((

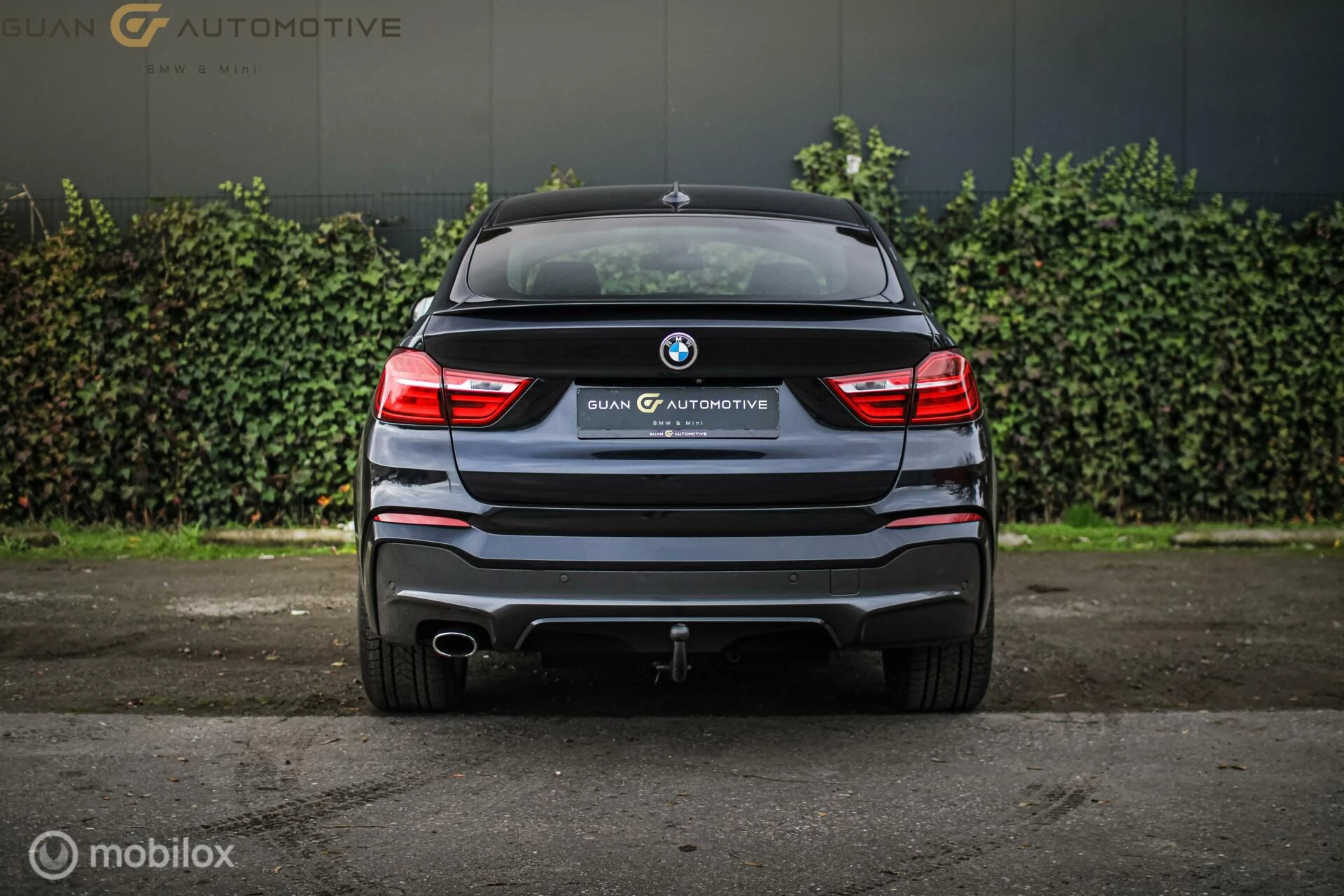 Hoofdafbeelding BMW X4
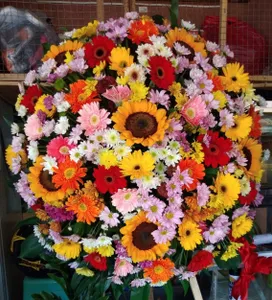 Opening Flowers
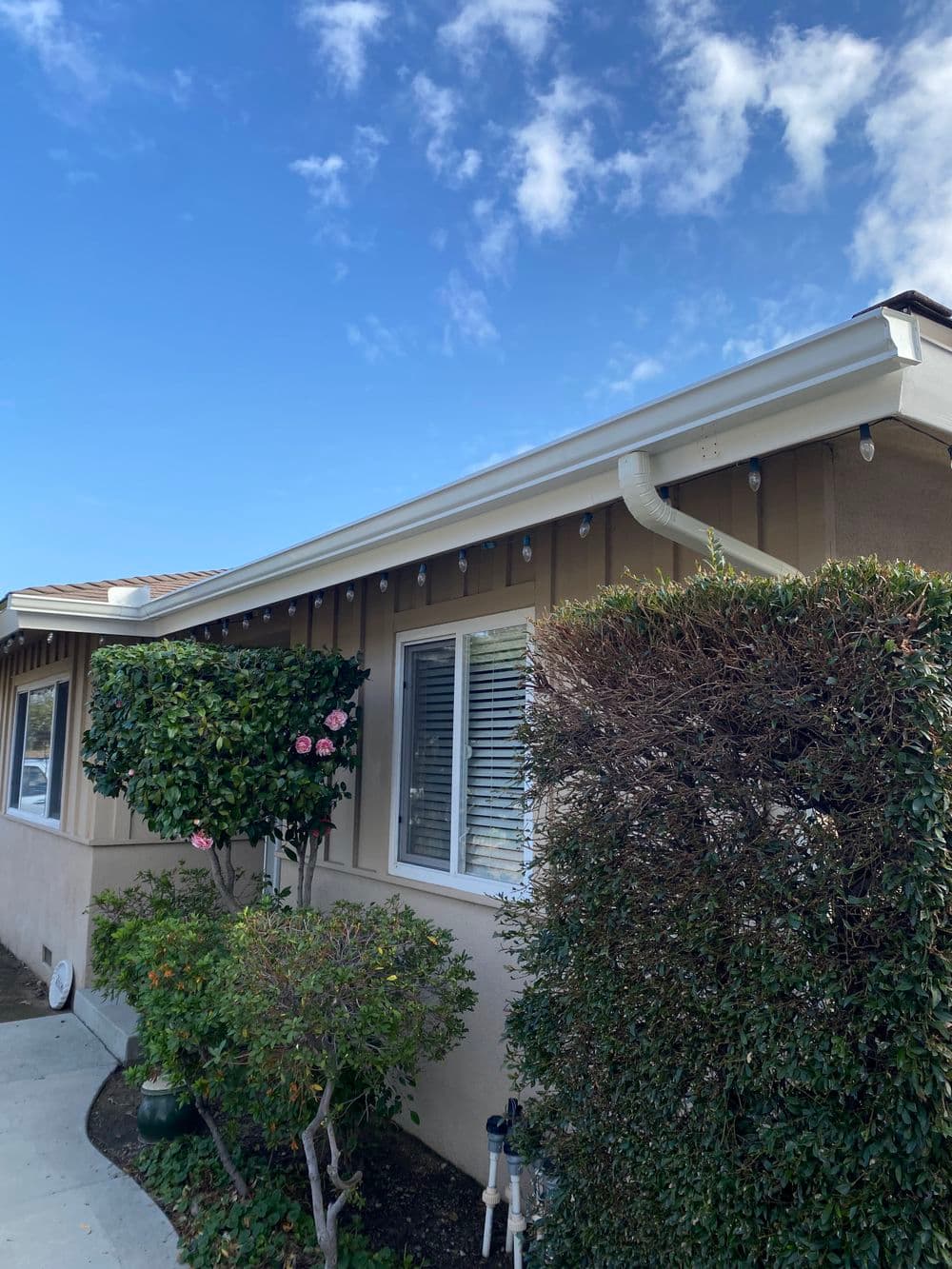 Single-story home with shrubs, decorative flowers, and festive lights under a clear blue sky.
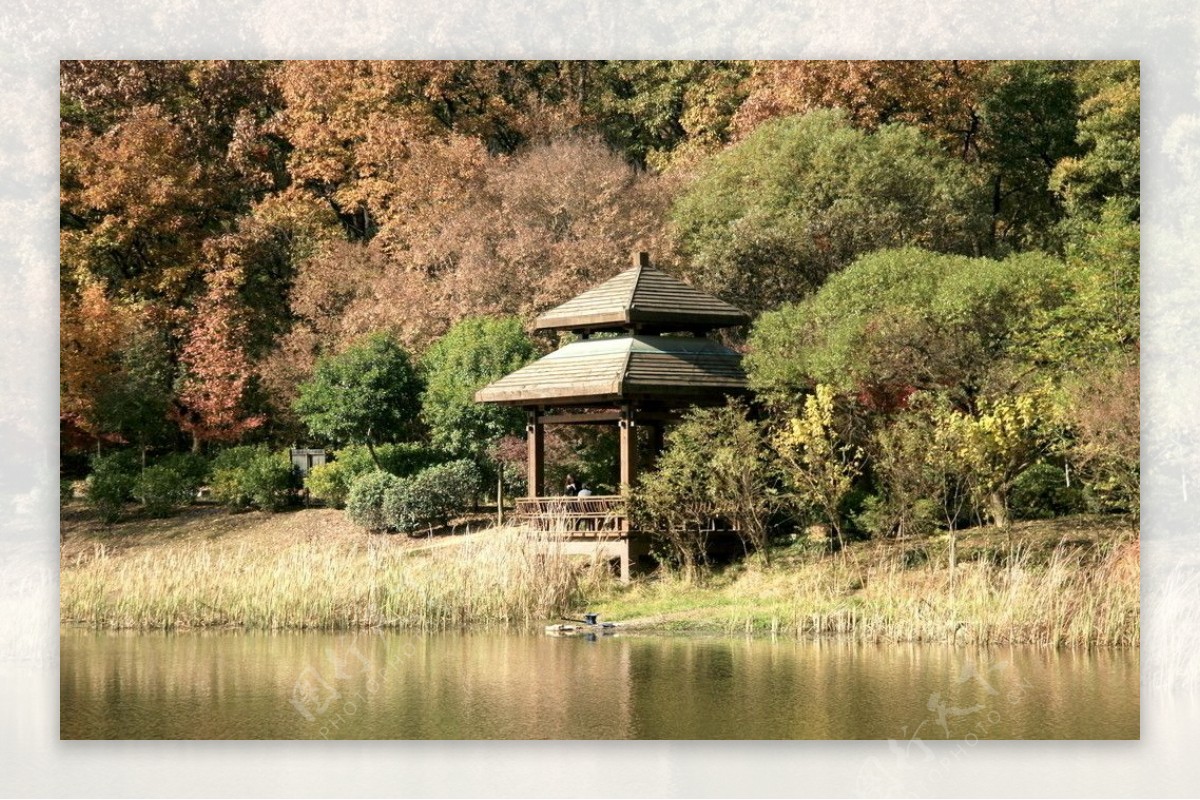 南京琵琶湖秋色图片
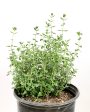 Teucrium c.  Prostratum  - Trailing Germander Cheap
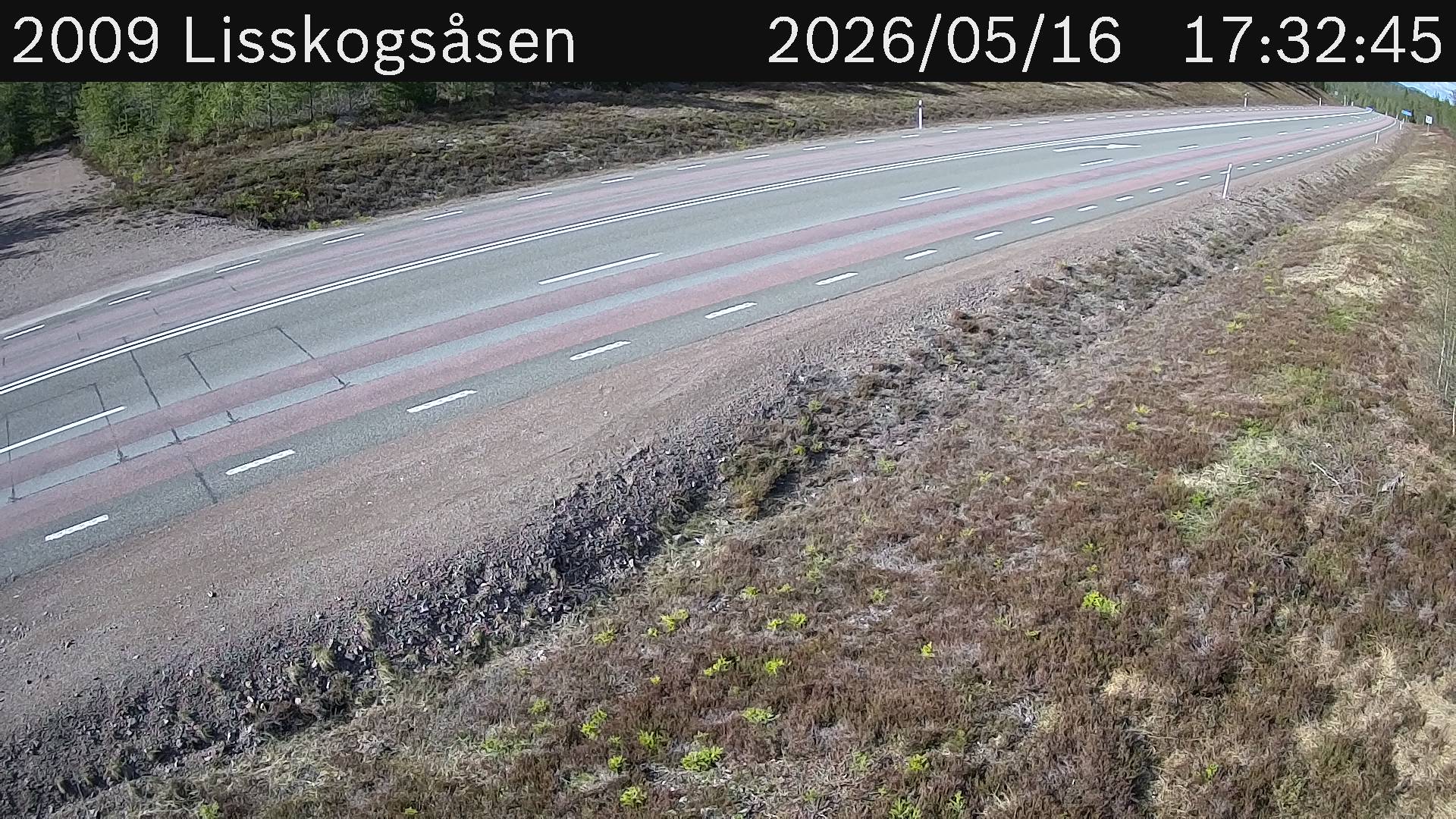 Lisskogsasen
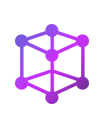 Company Structure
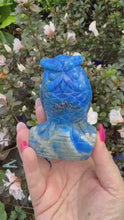 Load and play video in Gallery viewer, High Quality Lapis Lazuli Owl Carving
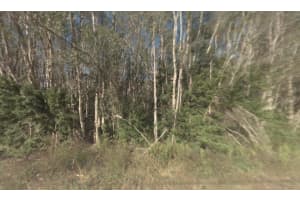 1671 ACREMAKER ROAD, NAPLES, FL 34120 - MLS#MFRA4692636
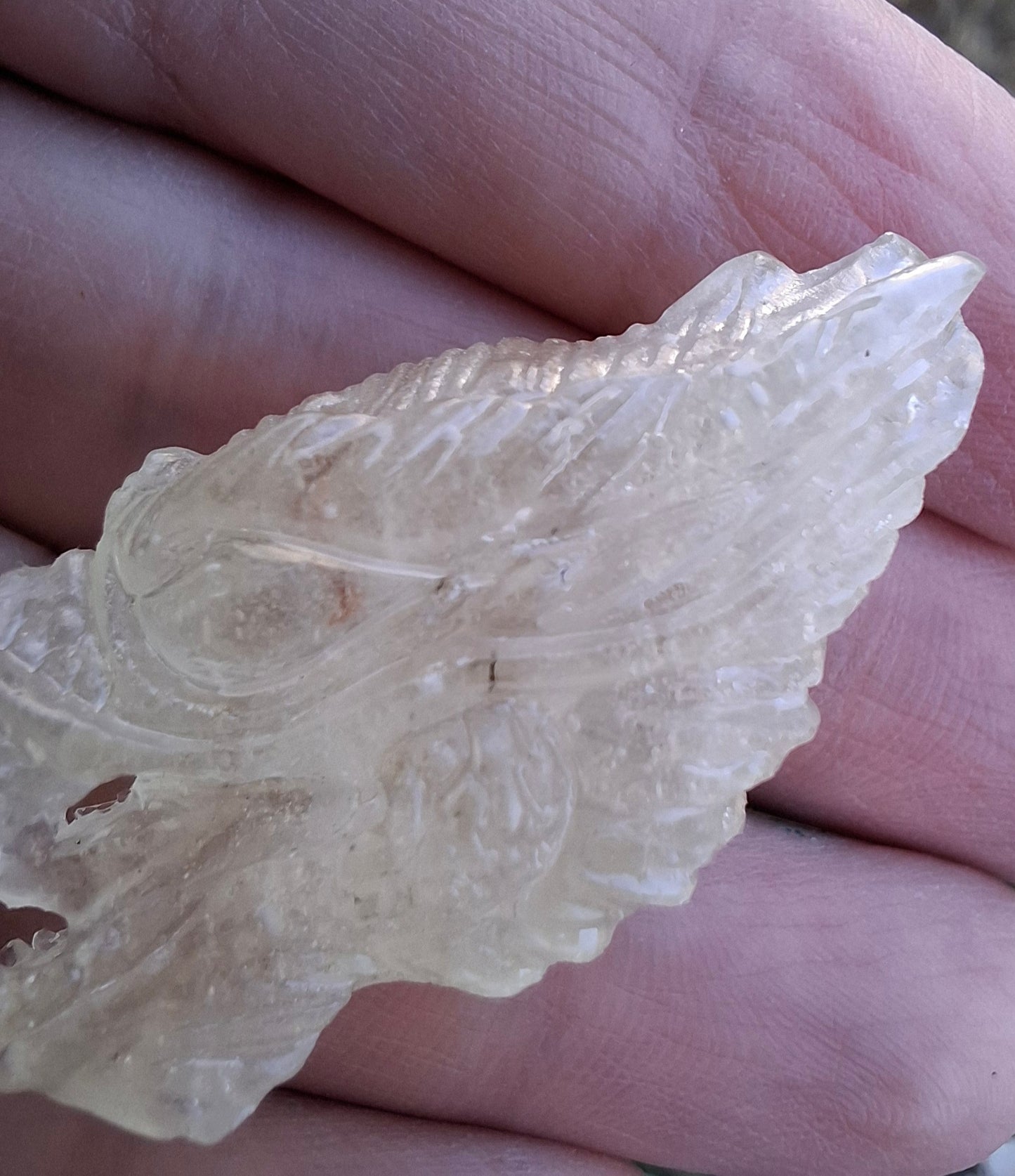 Libyan Desert Glass DRAGON HEAD carving, 9.66g, Tektite (Ref: Dragon 3)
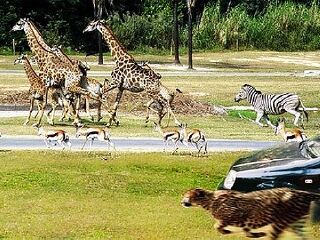 香江野生动物世界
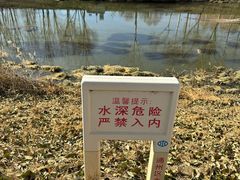 -东郊湿地公园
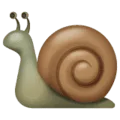 🐌 Siput WhatsApp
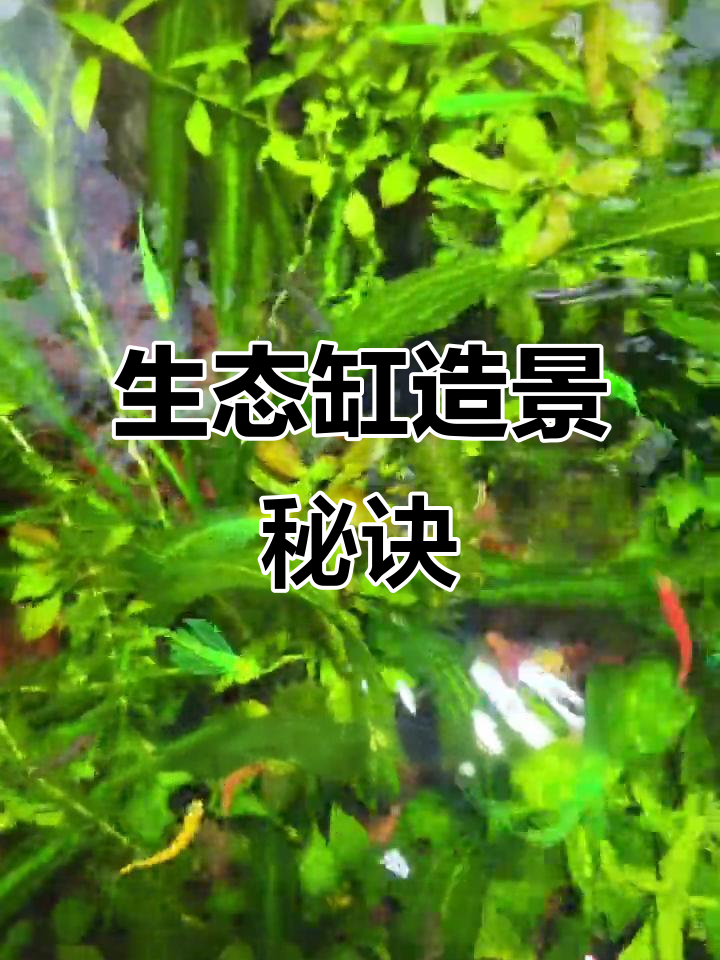 古法缸造景,水清鱼美,生态平衡轻松维持!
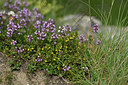 BUITEN BEELD Foto: 447244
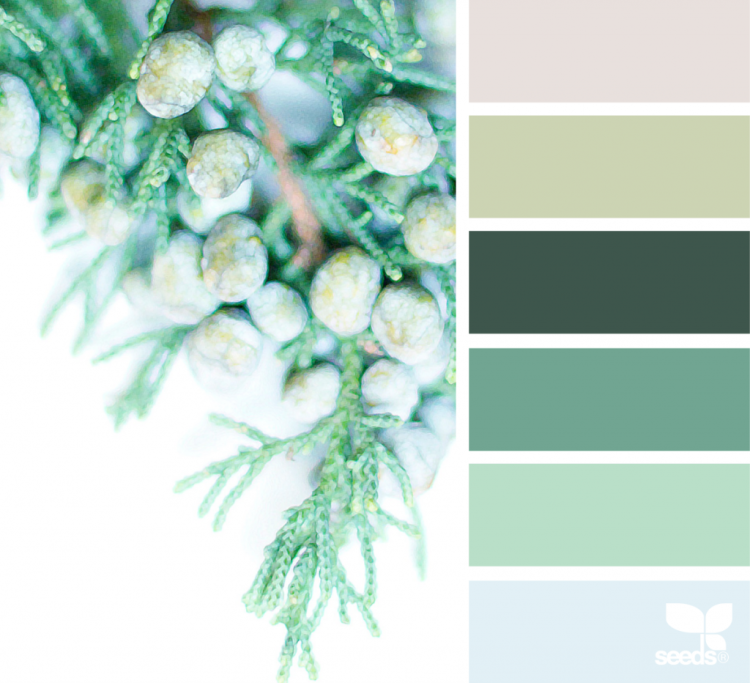 Цвет Полынь сочетание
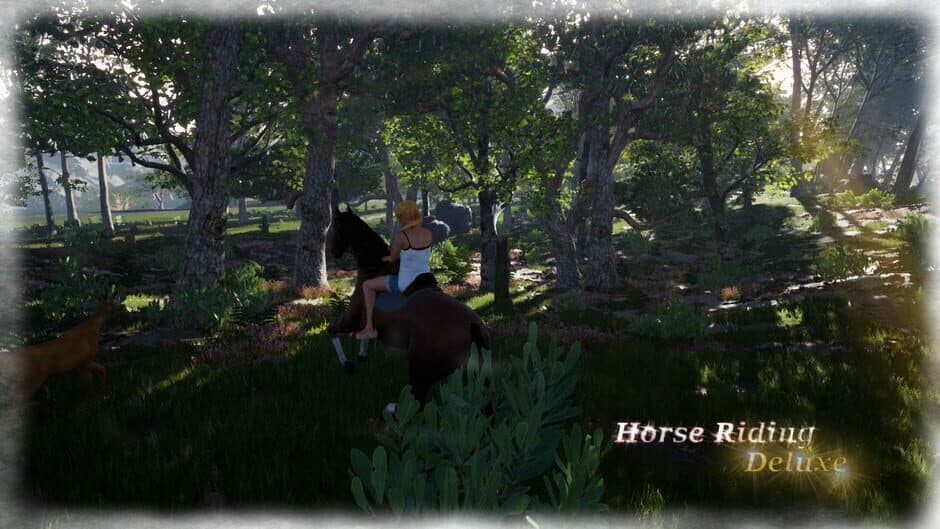 Horse Riding Deluxe screenshot 2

))

### DESCRIPTION OF THE TASK
Only the lines from the one containing "Load and play" through the last line of the entries belong in the answer, given again exactly. Images stay out.

### EXERCISE RESPONSE
 Load and play video in Gallery viewer, High Quality Lapis Lazuli Owl Carving
 1671 ACREMAKER ROAD, NAPLES, FL 34120 - MLS#MFRA4692636
 Libyan Desert Glass DRAGON HEAD carving, 9.66g, Tektite (Ref: Dragon 3)
 香江野生动物世界
 -东郊湿地公园
 🐌 Siput WhatsApp
 古法缸造景,水清鱼美,生态平衡轻松维持!
 BUITEN BEELD Foto: 447244
 Цвет Полынь сочетание
 Horse Riding Deluxe screenshot 2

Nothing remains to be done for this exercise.